Quote from @Steve Chaparro:
Quote from @Dan H.:
I want to preface I am not a financial advisor, CPA, tax advisor, etc. Check everything with your trusted expert.
I have some questions/comments for you to ponder (no need to answer on BP, just think if they apply to you):
- is your unit that you currently live in rent controlled? How much is it below market rent?
- how much cheaper is it to rent than to live in a purchased property? It is my belief that Los Angeles has large cash flow negative when using accurate expense estimates. How negative is the property's cash flow if using the 50% expense rule. Note at purchase with typical rent to value ratio, the property tax alone is ~20% of rent.
- Is the primary reason for the live in flip 2 year plan to not pay the gains? If so, have you considered 1031 exchange?
- What happens if at 2 years for some reason it does not make sense to sell? What could cause such a situation? Believe it or not the two conditions most likely to result in this is exact opposites. One is that RE prices have fallen to where the profit is poor. The other is prices have risen so much with an associated increase in rents that the prop 13 discount is large.
- Accelerated depreciation is not available on an OO. If you want the quickest tax write off, it is tough to beat. My Net Income Tax Savings using Bonus Depreciation for accelerated depreciation studies competed in 2024 was $256K.
- Your plan has constraint on scaling that does not exist with other options. If a rehab takes 4 months but you have to wait 2 years, that impacts the ability to scale. In addition, you can only OO one property at a time as a primary. That also impacts ability to scale.
Discuss your plan with your trusted financial/tax advisor. There are a lot of options to consider especially if write offs is a primary motivation. Cost segregation, 1031, 2 of 5, standard depreciation, RE professional, STR "loophole", stepped up basis, prop 13 in CA, etc.
Good luck
Hey Dan, I really appreciate your insights—especially around cost structure, tax implications, and scaling. You bring up some great questions that I’ve been weighing as I refine my approach.
I’m working on a two-pronged strategy where I use the Live-In Flip/Live-In Rent model to capture tax-free appreciation on primary residences, while also building long-term cash flow and equity through BRRRR and Build-to-Rent projects.
Your point about scaling constraints is spot on. The live-in flip model naturally slows the pace of acquisitions, so I'm balancing that with a parallel strategy: generating cash flow from an ATM business to fund BRRRR investments, which will later transition into Build-to-Rent.

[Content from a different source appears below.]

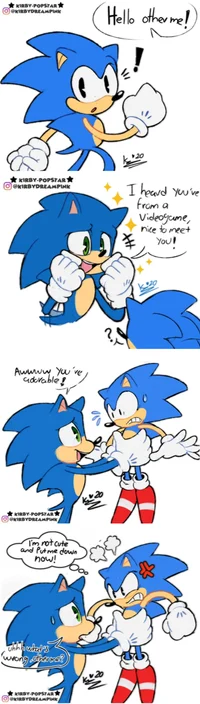 Classic sonic-sonic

On the tax side, I’ve been considering 1031s, cost segregation, and STR tax advantages to optimize write-offs. I see the trade-offs between appreciation and depreciation benefits, so I’m evaluating whether holding more rentals makes sense alongside the live-in flip model.
Would love to hear how you’ve balanced appreciation vs. cash flow in your experience—have you leaned toward flipping, holding, or a mix of both?
My market is similar to LA that the initial cash flow is terrible, however the appeciation and rent growth have been outstanding. In addition, the value added via virtually any value add it outstanding.
Appreciation: my worst appreciating property has appreciated $2700/month over its long hold. This is likely worse than the worse of at least 75% of your local RE investors. Go to an RE meetup and have a couple of the RE investors calculate their monthly appreciation, I suspect virtually all will have done better. I have 2, maybe 3, properties that have appreciated over $10K a month over the hold. This likely beats far more than 75% of non-commercial properties (likely over 95%). You can realistically expect long term monthly appreciation between these 2 numbers.
Cash flow: rent growth is far more important for long term cash flow than the initial cash flow. What does this mean? It means that the cash flow can be outstanding for a long term hold in our markets. Many of my properties have rent ratios over 2% of purchase price, one has rent ratio over 4% of purchase price. Imagine what the cash flow could be. I will address why I used the words "can be" near the end of the post.
Value add: I completed 3 rehabs in the last year but the one I will use to make my point is a property in a very high cost area. The average PSF is over $2K. The comps showed adding a half bathroom out of existing footage added $50K of value. I am a bit skeptical, but even at 80% that would be $40K value add for a toilet and vanity. Crazy.
Tax benefits: I already mentioned the value of the cost segragations I did last year (2 properties).
Now to address the "traditional" reality. The real high cash flow is typically not achieved due to an extraction of value. I am unsure if I have ever had a loan more than 5 years and am sure I have never had a loan last 10 years. I have extracted a lot of money that has allowed me to scale. With the increase in rates that started in Q2 of 2022, there is a chance that I will have some loans that are going to go over 5 years. BTW I refinanced everything between Dec 2021 and Dec 2022. When the fed states they are going to raise rates, it is generally a good idea to believe them. My cash flow using a 40% expense ratio is a modest $19.3k/month (modest for the amount of RE holding). Imagine what my cash flow could be if I had not regularly extracted value.